Setting the Stage: Creation, Curation, and Use

I had the pleasure of serving as the opening speaker for the 2015 NEDCC Digital Directions conference. This post contains the text of my remarks and the slides from my presentation. Each is intended to be able to stand on its own, so if you want a quick overview, download the slides. If you want to dig in, read on below.

Slides: Self Playing PowerPoint Slideshow (ppsx, 1.7MB)

SETTING THE STAGE: CREATION, CURATION, AND USE

In this essay, I want to do a few things to prepare you for a productive foray into learning about digital preservation. First, we need to cross the divide from analog to digital. From there, we need to think about what it really means to create digital resources, to curate them, and to put them to use. And finally, we need to get ourselves back home, and ready to do good work.

To ensure you are ready for this journey, please look at your shoes…
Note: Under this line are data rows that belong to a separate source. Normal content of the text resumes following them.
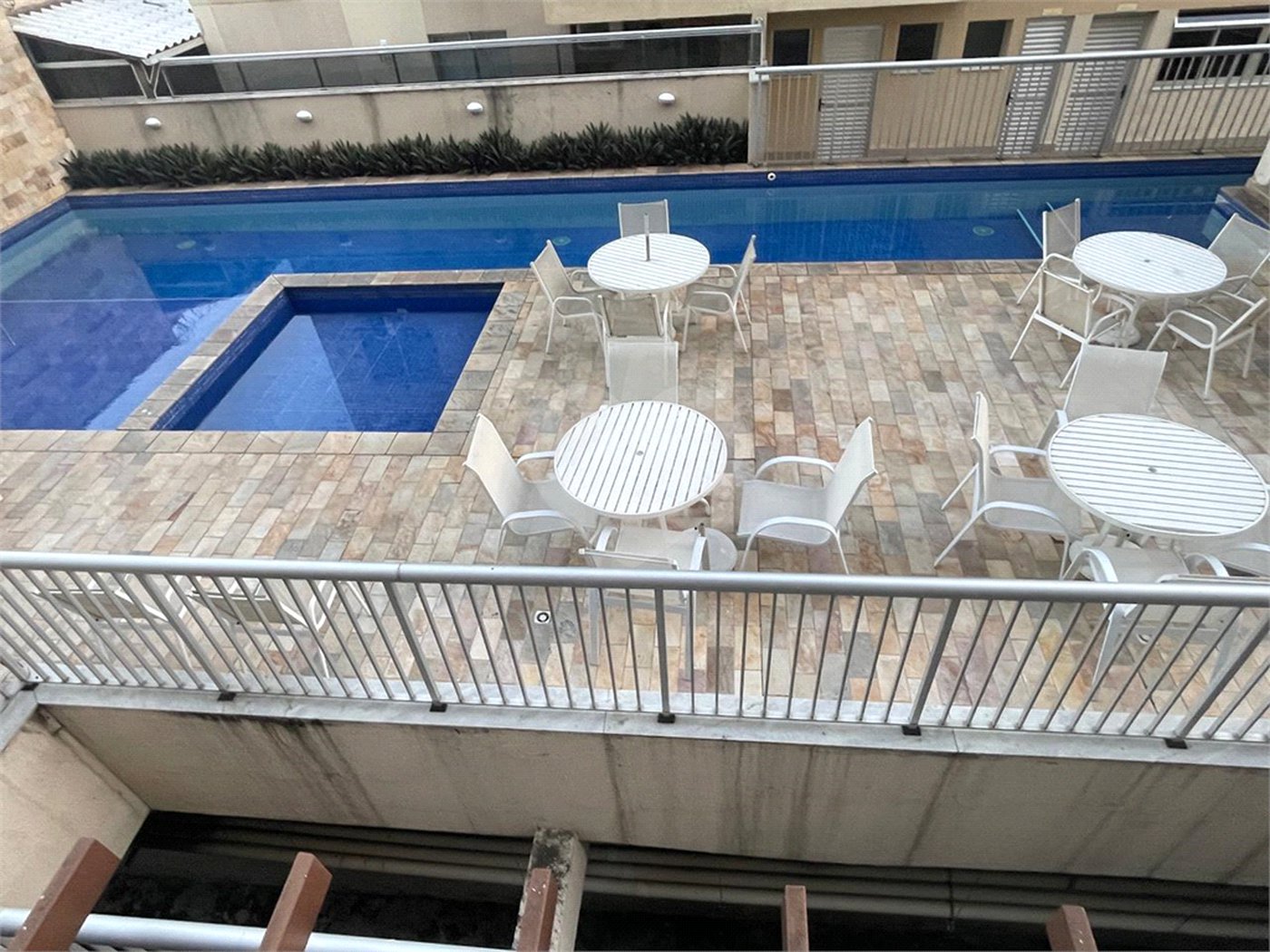 Apartamento à venda com 2 quartos, sendo 1 suíte, em Campo Grande, Rio de Janeiro, RJ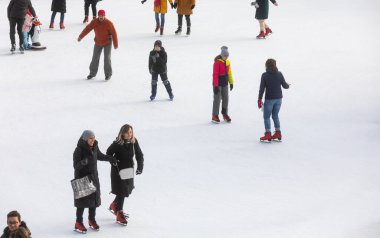 KYIV, UKRAINE - 27 Aralık 2020: buz pateni insanları. İnsanlar buz pateni sahasında eğleniyor. Kyiv 'de yeni yıl tatili.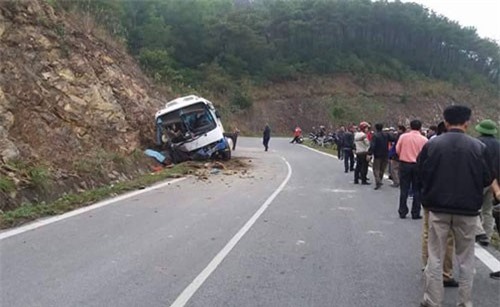 Xe khách đi lễ đâm vào vách núi, nhiều người thương vong
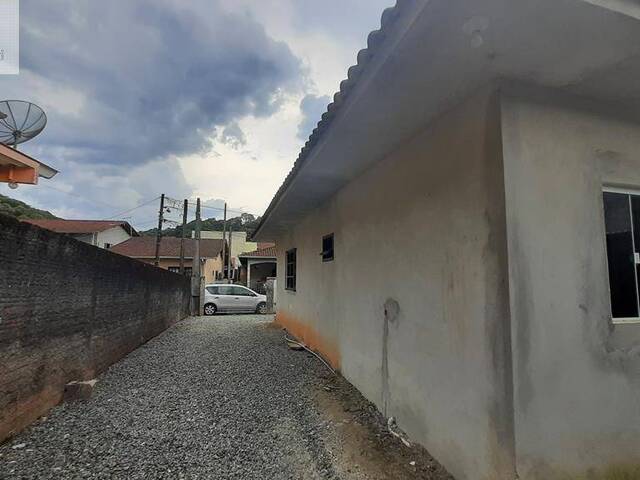 Casa para Venda em Joinville - 4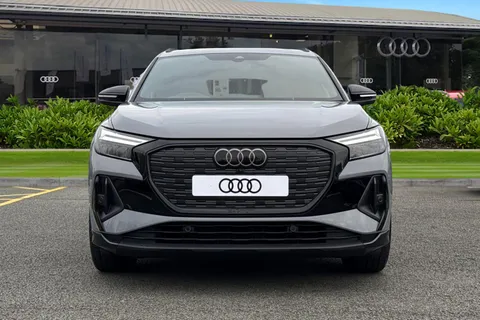  Audi Q4 e-tron 45 Black Edition Auto 5dr 82kWh Thumbnail #6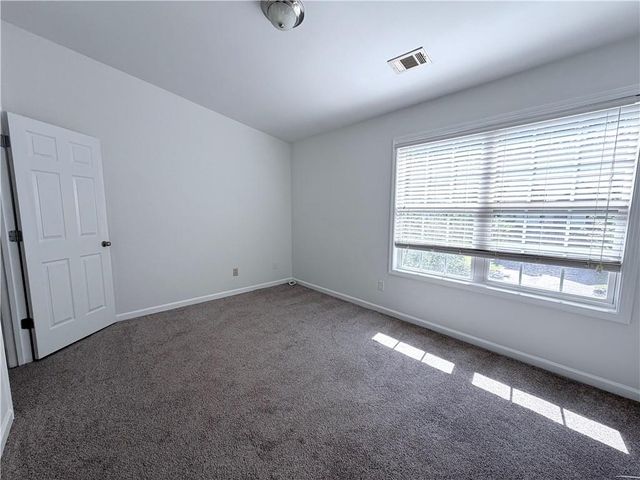 3710 Lakeside Walk Drive NW, Lilburn, GA 30047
Or your phone or computer, or your new tote bag or your watch, or your headphones, glasses, health tracker, usb drive, tablet, other phone, e-reader, or actual magazine, or any of the myriad of things you touch and see each day.

You have all these things with you, here and now, because the world took a digital direction decades ago. These things are here thanks to computer mediated supply chains and inventory management systems. They were developed using computer aided design and manufacturing. They were sold in online marketplaces that exchanged money across the network, and later, they were delivered by a parcel system that tracked the item by a unique ID, all the way to your door.

Look at the printed materials in your hand. They were all born digital. Most print is born digital and has been for a good many years. It’s only at the very end of the production process that those digital documents were rendered out as ink on paper and even so, that printed object reached you through a digitally mediated supply chain.

THE SPOOKY DIVIDE

We crossed over a spooky divide a good while back, so that now digital media and digital mediation are normal. The reason this shift is spooky isn’t that we are haunted by the ghost of the analog library, but precisely because within our ongoing work, another presence has made itself felt.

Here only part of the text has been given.